Denmark must reduce cattle to be serious about cutting emissions – academic – The Post

Denmark must reduce cattle to be serious about cutting emissions – academic

An academic at Aarhus University advocates the reduction of cattle in Denmark to lower CO2 emissions from agriculture

Future agriculture should function without animal husbandry, claims Professor Jørgen E Olesen (picture: Geraint Rowland/Flickr)
October 10th, 2018 10:50 am| by Laura Geigenberger
Facebooktwittergoogle_pluspinterestmail

Cattle is one of ‘agriculture’s sinners’ in terms of releasing climate gases – after all, a cow burp is about 25 times more potent than an equivalent CO2 emission and they account for 40 percent of all greenhouse gas emissions in the Danish agriculture sector.

READ ALSO: New grass to reduce cow-burping methane emissions

Less animals, new foods
Therefore, in order to counter the carbon emissions of agriculture, Jørgen E Olesen, a professor of agriculture and climate change at Aarhus University, is urging Denmark to “reduce cattle stocks and stop cultivating all carbon-rich lava soil in Denmark” as soon as possible, reports Ingeniøren.

Olesen would like Denmark to find new methods of reducing the emissions from farm animals – cattle in particular – as well as developing new ways of cultivating food.

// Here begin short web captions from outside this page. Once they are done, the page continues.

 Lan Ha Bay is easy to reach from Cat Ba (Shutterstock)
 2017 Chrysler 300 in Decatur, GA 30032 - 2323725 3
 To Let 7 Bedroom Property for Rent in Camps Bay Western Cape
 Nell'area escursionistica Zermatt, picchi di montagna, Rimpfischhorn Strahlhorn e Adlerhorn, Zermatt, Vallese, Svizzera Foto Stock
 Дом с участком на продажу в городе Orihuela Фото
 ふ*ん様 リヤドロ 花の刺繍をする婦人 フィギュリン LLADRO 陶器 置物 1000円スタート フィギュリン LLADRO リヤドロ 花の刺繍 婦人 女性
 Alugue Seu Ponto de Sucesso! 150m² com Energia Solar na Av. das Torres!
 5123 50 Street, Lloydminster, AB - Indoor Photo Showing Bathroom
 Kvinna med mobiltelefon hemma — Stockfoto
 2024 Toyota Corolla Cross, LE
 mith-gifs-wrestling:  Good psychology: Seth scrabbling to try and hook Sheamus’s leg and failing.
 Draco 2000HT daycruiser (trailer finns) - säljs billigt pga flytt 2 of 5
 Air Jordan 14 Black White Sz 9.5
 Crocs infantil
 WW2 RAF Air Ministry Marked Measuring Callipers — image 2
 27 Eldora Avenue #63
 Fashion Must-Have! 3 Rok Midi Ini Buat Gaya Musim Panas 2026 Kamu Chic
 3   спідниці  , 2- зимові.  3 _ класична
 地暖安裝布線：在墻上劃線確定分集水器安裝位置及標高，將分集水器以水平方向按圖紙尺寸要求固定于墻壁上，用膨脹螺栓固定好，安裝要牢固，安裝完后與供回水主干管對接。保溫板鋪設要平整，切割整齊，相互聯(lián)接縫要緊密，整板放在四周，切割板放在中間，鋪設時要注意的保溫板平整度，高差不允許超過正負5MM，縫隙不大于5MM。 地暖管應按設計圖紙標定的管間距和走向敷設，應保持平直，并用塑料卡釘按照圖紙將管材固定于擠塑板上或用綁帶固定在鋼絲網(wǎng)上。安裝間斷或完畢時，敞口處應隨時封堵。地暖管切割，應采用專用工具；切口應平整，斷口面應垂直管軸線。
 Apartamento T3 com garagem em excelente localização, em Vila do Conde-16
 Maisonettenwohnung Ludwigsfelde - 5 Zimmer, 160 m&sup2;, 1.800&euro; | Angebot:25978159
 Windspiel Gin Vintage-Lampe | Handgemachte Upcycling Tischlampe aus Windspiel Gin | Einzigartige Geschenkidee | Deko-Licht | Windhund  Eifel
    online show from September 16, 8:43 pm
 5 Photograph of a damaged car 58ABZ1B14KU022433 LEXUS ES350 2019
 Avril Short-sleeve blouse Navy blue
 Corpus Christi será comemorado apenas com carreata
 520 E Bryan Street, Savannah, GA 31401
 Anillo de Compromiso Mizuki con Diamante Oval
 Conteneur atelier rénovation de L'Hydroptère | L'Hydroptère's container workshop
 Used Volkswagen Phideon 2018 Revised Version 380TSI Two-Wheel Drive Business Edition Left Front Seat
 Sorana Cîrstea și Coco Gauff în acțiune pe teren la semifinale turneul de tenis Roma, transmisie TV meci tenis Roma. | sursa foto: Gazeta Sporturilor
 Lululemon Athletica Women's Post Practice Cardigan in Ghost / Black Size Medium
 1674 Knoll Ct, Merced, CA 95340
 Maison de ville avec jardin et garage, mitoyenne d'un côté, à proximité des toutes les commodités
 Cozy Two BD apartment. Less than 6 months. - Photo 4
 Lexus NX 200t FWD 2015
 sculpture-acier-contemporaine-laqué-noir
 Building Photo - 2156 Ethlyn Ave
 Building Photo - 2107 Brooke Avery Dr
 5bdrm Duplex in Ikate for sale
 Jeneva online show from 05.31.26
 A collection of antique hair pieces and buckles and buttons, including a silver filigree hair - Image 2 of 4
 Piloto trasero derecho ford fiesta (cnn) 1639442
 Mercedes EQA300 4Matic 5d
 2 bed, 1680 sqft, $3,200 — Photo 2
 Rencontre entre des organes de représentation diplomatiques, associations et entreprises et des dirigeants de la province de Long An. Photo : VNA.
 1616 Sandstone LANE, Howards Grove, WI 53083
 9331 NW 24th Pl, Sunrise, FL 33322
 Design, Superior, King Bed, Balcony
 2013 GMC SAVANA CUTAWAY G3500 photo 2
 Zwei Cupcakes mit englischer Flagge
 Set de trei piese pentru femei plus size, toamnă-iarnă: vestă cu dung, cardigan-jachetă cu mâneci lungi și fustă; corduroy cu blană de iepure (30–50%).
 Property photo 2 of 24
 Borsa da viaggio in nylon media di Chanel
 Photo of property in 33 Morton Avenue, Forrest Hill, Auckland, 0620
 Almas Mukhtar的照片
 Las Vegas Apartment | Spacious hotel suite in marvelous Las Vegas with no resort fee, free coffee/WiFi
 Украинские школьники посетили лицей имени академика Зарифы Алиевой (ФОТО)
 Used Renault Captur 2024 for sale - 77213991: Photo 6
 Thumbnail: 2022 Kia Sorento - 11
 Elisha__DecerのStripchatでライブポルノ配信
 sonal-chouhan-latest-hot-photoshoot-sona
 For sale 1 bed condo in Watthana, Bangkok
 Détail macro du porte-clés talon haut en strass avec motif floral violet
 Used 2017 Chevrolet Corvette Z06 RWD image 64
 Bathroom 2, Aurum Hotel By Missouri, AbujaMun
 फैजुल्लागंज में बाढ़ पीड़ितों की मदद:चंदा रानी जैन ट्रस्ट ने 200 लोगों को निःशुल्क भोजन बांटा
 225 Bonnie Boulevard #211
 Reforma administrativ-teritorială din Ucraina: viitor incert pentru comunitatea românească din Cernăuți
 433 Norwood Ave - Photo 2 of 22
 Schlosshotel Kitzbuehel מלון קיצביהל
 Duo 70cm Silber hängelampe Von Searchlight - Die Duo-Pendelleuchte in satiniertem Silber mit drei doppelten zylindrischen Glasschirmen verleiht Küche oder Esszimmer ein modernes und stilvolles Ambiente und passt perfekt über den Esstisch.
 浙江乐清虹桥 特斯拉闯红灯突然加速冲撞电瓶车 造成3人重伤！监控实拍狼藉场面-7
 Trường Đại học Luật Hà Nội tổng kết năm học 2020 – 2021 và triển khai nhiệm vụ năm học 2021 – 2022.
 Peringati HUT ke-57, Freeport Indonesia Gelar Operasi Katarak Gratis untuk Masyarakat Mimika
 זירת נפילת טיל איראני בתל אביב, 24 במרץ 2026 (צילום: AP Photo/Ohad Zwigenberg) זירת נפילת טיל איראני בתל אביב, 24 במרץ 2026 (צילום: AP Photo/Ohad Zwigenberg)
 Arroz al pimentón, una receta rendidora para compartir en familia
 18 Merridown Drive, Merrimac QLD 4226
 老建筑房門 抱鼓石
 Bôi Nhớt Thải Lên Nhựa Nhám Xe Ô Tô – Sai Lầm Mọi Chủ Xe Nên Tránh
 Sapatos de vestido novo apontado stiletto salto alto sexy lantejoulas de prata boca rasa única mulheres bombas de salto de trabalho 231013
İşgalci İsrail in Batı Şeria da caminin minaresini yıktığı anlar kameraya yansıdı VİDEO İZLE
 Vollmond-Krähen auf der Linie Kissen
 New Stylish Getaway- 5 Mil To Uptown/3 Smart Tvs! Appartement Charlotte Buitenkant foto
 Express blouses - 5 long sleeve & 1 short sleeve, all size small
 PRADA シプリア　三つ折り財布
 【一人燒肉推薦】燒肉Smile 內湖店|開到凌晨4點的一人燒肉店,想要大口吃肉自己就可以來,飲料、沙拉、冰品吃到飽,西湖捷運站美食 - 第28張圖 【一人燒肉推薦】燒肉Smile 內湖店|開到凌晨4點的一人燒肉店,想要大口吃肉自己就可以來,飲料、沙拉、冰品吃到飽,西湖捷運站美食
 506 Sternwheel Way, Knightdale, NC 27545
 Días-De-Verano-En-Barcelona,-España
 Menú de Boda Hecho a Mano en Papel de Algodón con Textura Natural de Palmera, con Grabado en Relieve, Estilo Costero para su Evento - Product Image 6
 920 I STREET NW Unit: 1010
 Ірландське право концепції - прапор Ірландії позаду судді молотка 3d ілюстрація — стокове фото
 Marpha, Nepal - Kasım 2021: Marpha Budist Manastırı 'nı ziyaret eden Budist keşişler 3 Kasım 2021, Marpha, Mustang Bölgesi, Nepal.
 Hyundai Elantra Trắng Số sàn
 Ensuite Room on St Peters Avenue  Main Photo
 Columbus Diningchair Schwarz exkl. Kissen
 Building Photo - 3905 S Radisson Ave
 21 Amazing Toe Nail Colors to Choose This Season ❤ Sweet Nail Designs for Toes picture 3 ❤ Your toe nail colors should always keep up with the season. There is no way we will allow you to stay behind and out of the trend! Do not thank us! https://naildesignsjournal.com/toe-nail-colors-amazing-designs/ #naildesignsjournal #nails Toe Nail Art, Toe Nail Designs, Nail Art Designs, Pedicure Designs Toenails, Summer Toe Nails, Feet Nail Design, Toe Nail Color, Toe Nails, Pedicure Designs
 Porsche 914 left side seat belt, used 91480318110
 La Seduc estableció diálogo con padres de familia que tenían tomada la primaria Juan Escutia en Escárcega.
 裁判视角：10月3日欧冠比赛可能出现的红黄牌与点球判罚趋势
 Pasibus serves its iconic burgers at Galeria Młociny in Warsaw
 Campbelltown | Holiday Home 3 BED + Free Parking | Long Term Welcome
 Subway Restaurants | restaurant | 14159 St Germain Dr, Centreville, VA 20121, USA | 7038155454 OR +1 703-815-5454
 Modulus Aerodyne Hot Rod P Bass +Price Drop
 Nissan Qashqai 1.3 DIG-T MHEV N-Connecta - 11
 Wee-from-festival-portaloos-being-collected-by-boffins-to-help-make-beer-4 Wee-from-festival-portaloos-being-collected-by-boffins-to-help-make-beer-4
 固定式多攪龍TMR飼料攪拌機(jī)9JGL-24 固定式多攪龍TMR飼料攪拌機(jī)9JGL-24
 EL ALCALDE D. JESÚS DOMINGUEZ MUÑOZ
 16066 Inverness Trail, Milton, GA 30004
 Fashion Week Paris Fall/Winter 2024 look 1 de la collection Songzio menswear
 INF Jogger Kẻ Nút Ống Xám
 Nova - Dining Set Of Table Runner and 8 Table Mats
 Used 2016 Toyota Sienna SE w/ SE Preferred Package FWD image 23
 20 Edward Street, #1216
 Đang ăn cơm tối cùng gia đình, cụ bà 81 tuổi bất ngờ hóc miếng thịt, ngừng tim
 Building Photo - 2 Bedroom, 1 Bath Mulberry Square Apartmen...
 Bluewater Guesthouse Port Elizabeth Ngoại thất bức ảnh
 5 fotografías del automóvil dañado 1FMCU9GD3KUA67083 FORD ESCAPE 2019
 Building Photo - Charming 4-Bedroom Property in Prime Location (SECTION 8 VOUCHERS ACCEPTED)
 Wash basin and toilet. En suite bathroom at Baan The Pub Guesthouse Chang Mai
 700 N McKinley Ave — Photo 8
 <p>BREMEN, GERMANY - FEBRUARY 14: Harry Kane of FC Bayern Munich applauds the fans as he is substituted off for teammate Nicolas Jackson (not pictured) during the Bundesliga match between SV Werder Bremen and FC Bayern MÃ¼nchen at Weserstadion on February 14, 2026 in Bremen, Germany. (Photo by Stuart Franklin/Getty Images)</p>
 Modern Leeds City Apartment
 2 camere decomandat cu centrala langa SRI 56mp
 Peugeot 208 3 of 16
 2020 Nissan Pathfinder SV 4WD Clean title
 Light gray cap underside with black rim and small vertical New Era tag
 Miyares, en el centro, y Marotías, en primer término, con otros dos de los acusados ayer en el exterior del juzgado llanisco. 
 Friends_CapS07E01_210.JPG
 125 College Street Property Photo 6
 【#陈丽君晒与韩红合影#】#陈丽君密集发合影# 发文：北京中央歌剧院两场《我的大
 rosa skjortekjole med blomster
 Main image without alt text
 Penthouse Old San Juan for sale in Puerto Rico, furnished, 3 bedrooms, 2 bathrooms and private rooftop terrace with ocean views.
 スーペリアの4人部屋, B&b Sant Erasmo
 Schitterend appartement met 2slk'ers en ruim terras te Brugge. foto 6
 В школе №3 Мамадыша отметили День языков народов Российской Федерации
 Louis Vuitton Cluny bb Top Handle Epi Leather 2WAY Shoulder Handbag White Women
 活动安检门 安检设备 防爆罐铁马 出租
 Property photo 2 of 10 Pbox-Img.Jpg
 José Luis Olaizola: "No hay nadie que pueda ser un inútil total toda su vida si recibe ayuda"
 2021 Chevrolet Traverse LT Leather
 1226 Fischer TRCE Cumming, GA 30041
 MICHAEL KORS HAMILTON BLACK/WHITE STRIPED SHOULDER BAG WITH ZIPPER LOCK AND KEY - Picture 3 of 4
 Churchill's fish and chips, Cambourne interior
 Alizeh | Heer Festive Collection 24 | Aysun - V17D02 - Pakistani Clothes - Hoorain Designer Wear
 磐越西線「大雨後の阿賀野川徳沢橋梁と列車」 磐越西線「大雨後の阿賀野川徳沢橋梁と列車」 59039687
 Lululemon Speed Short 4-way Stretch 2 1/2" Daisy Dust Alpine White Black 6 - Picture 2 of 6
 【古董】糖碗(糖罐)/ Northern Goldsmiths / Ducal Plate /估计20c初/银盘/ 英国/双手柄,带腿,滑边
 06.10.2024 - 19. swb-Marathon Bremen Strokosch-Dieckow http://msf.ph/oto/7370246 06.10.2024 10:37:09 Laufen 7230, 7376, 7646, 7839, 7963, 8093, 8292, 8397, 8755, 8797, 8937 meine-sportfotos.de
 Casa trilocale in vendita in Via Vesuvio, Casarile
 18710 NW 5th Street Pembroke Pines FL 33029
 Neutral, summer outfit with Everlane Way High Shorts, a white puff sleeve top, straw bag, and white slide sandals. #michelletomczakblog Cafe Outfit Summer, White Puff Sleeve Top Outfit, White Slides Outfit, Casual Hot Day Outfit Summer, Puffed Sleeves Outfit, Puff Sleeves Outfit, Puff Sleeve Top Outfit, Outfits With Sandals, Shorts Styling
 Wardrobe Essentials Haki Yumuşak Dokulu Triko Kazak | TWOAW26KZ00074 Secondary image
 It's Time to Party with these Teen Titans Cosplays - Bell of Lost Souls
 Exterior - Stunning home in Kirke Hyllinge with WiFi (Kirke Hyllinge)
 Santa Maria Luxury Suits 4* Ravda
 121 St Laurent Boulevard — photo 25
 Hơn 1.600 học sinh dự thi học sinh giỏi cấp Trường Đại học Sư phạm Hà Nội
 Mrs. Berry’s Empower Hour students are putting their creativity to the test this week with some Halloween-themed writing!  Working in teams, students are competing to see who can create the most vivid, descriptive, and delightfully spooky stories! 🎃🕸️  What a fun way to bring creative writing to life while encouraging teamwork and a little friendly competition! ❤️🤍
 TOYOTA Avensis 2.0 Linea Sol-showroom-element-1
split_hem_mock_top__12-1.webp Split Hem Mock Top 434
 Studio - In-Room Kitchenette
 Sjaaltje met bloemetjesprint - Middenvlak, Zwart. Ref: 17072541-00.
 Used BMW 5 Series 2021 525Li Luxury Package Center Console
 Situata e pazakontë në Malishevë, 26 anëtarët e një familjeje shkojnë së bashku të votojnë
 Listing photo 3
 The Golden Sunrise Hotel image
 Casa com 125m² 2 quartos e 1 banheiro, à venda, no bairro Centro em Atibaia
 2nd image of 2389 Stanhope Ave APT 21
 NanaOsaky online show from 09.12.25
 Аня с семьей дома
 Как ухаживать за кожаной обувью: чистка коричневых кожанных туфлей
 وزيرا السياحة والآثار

Worldwide changes required
A new report from Aarhus University’s National Center for Food and Agriculture has now outlined five measures including changes to the feeding of cattle, biogas production and slurry acidification in barns. The goal is to reduce million of tonnes of annual agricultural CO2e in Denmark until 2030.

According to Olesen, however, those changes are still not effective enough.

“Such instruments can only reduce emissions to a certain level since CO2 emissions in agriculture are a direct consequence of the simple fact that we are cultivating farmland and keeping cattle at all,” he told Ingeniøren.

“We have to bring our emissions below the 14 million tonnes of CO2 currently allowed by the EU. In the future, we’ll have to set ourselves on an agriculture without animals as well as on the consumption of artificial or plant-based meat and dairy products.”

Nevertheless, he acknowledged that such a radical transformation requires not only changes in Denmark but rather globally – both the mentality and practices of about half a billion farms worldwide.